The final coin of the 50 State Quarters® program will be unveiled during a ceremony Honolulu, Hawaii. Hawaii’s coin features the image of King Kamehameha with his outstretched arm over the united islands of Hawaii with the state motto Ua Mau ke Ea o ka ’Āina i ka Pono (The Life of the Land is Perpetuated in Righteousness).

Kamehameha rose to power in the late 18th century deposing rulers in his way. By 1790, Kamehameha was King of what we know today as the big island of Hawaii. Using arms bought from British and American traders, Kamehameha launched attacks on neighboring islands. After many battles and enduring illness, Kamehameha united the islands in 1810.

In 1893, as Queen Liliuokalani ascended to the throne on the death of her brother, King Kalakaua, she received petitions calling for reforms. Rather, Liliuokalani tried to strengthen her power which made many American and European businessmen nervous. A coup d’état was arranged leaving Queen Liliuokalani imprisoned at Iolani Palace under house arrest.

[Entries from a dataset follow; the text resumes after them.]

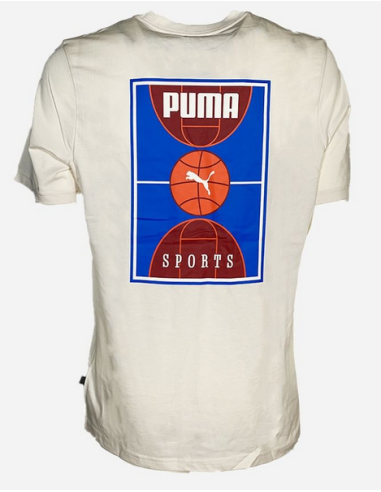 Camiseta Puma Basket Court Hombre - Beige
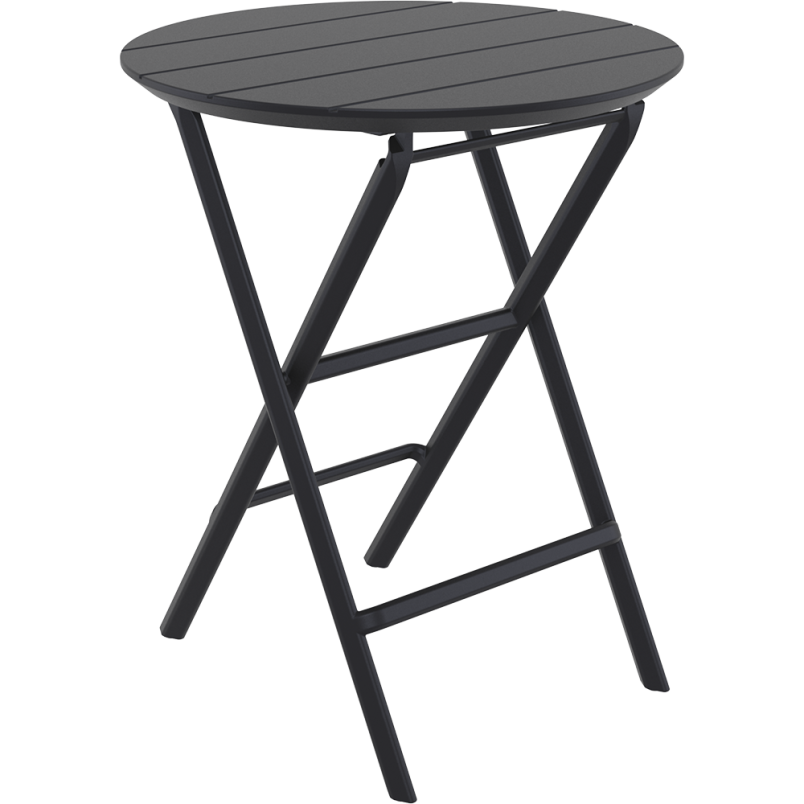 HELEN FOLDING TABLE Ø60 black Siesta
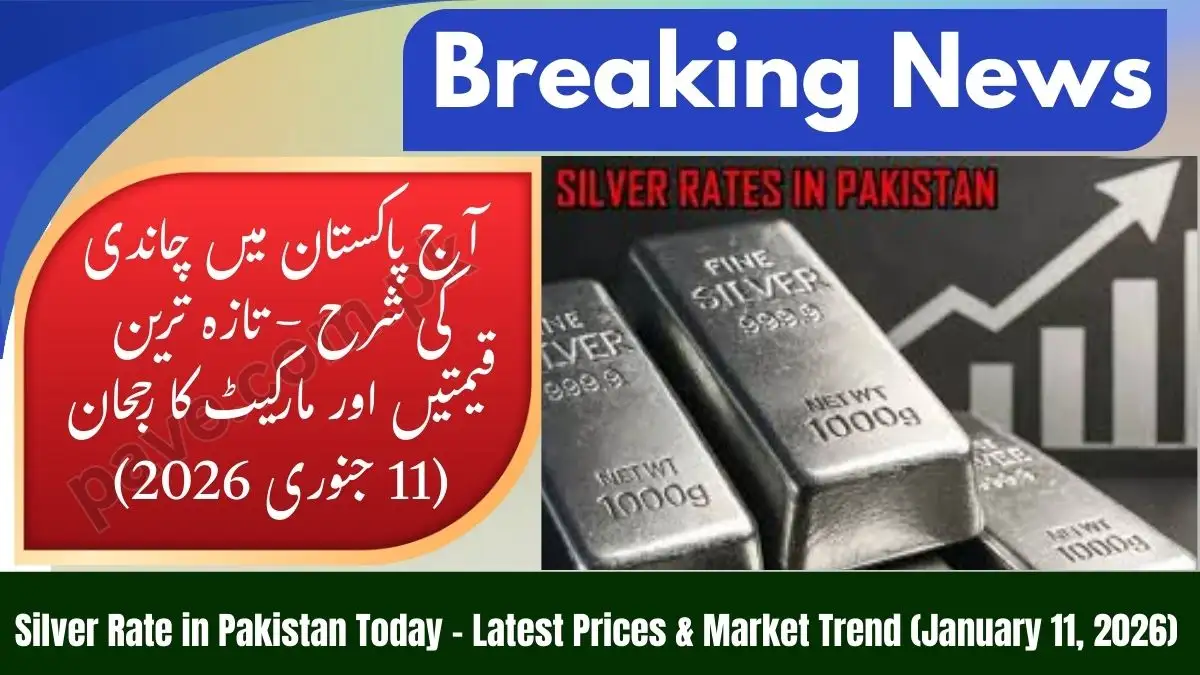 Silver Rate in Pakistan Today – Latest Prices & Market Trend (January 11, 2026)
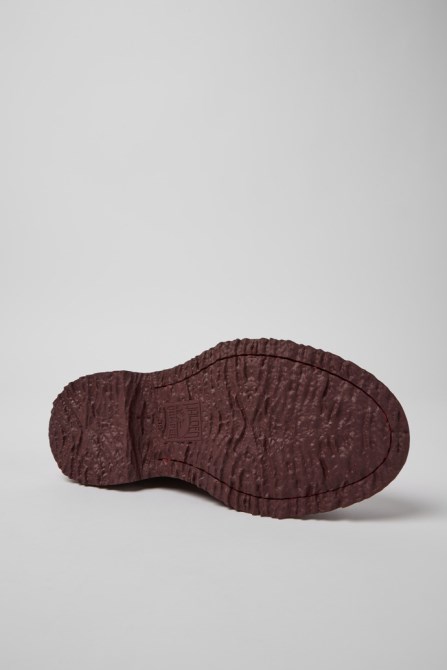 Camper Design Walden Burgundy Leather Boots For Women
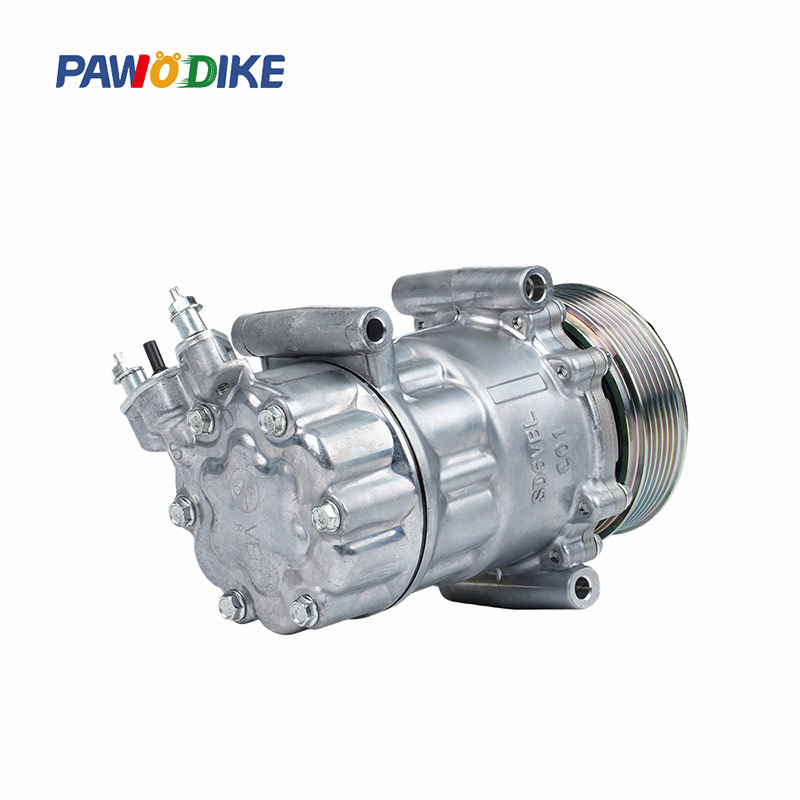 AC Compressor with 6-Groove Pulley & Yellow Connector - Image 4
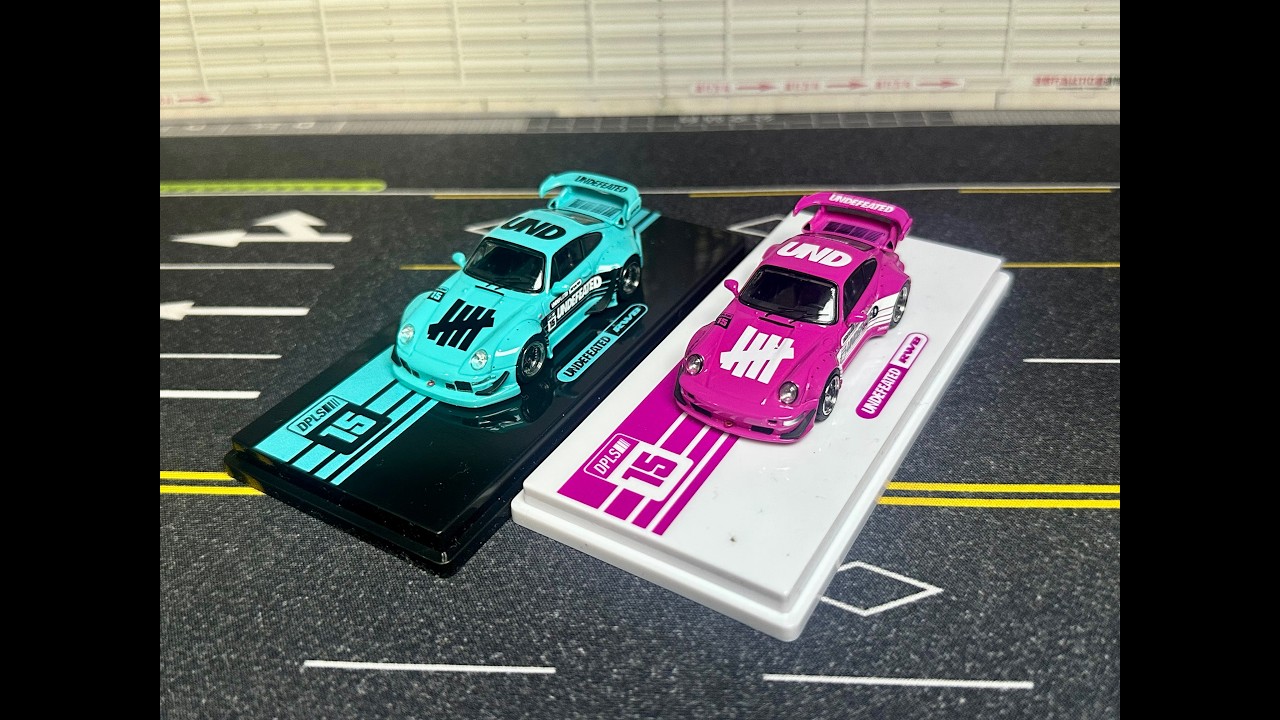INNO64 model RWB Porsche 964(PINK) 993(BLUE) 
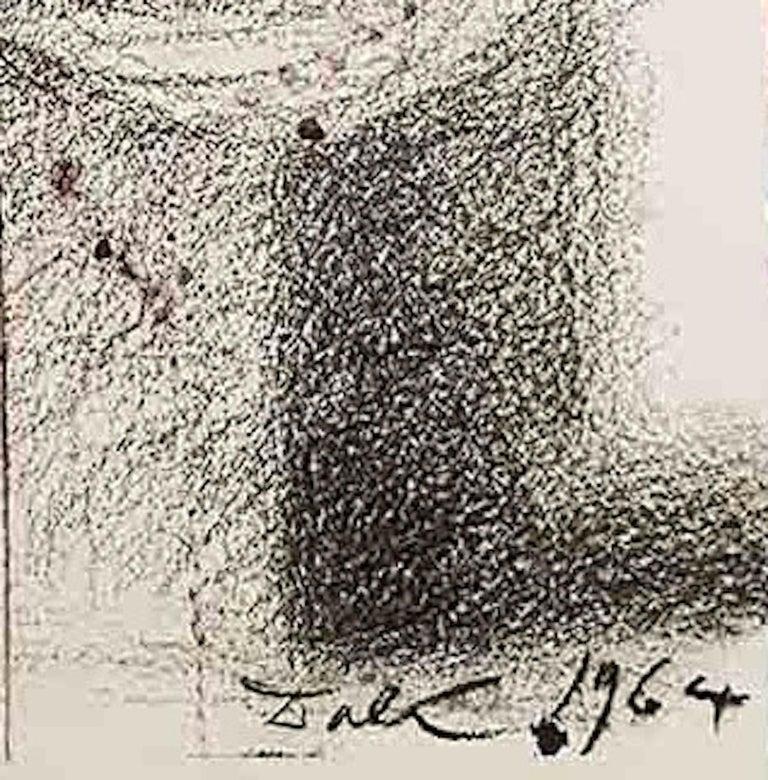 Sedet Sola Civitas Plena Populo - Lithograph  - 1964 - Print by Salvador Dalí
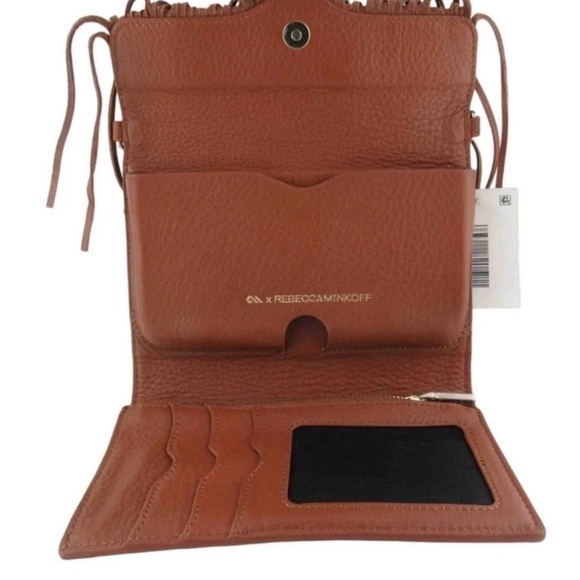 Rebecca Minkoff Convertible Fringe X Case Mate Crossbody Bag Wallet PHONE CASE - Picture 4 of 16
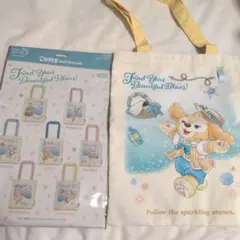 ディズニー ダッフィー＆フレンズ クッキーアン トートバッグ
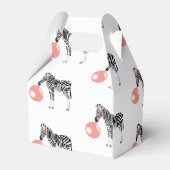 Bubble Gum Zebra Baling Bubble Bedankdoosjes (Achterkant)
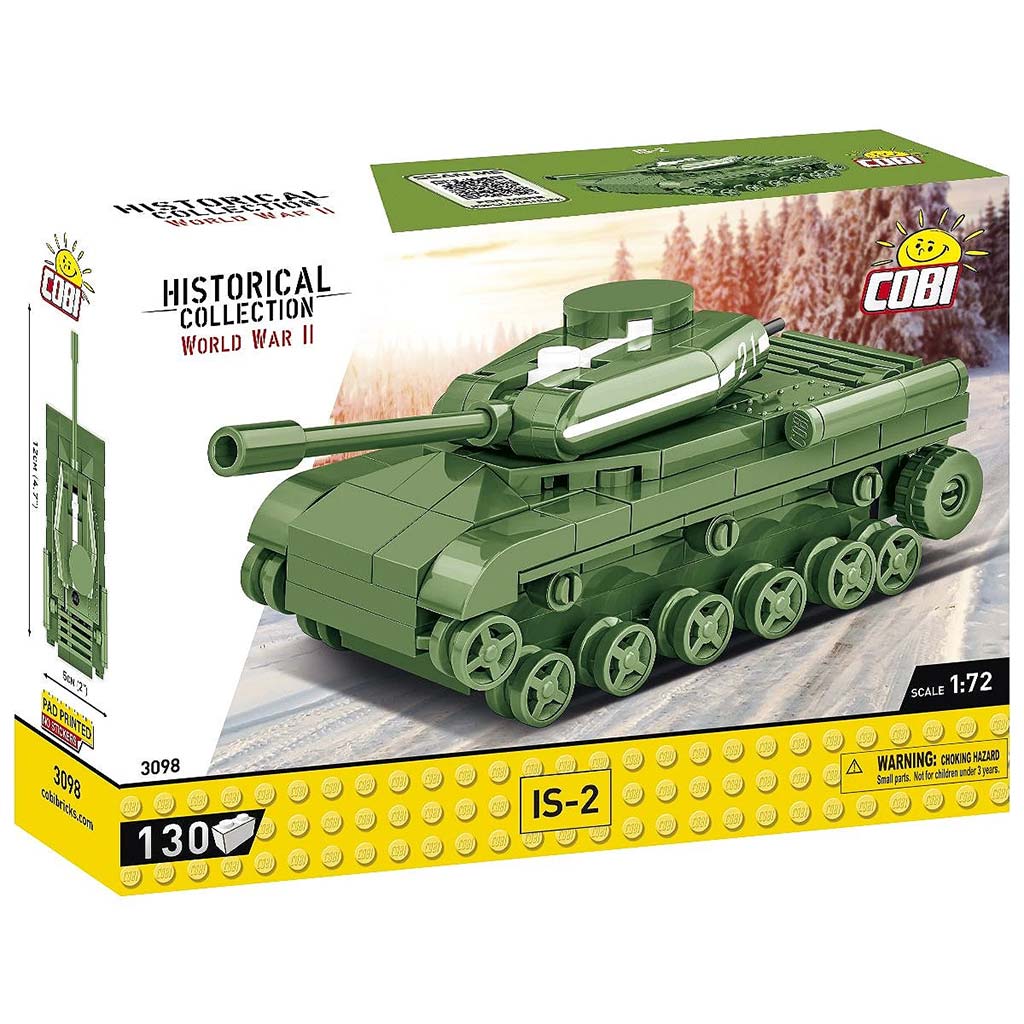 COBI: IS-2 танк строителна играчка (3098) изображение 1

For the next few years, Hawaii was an independent republic managed by various business interests, including the United States. A counter rebellion was attempted by loyalists to Queen Liliuokalani but was suppressed. However, official policy under President Grover Cleveland was not to support the new government until the government was returned to Liliuokalani. This policy changed when William McKinley succeeded Cleveland. Two years into his administration McKinley singed the Newlands Resolution in 1900 annexing Hawaii a territory of the United States.

On August 21, 1959, Hawaii became the 50th state of the United States.

Image courtesy of the US Mint.

A Twist on the Alaska Quarter Release

Monday, August 25, 2008, had a lot of news for the political watchers. After Sen. Ted Kennedy appeared at the Democratic National Convention, Arizona Senator and Republican presidential candidate John McCain appeared on the Tonight Show. Even First Lady wannabe, Cindy McCain, was in the news by making a humanitarian trip to the war-torn nation of Georgia.

Meanwhile, quietly, without fanfare, the US Mint release the Alaska State Quarter into circulation.

Arizona was the previous State Quarter in the series.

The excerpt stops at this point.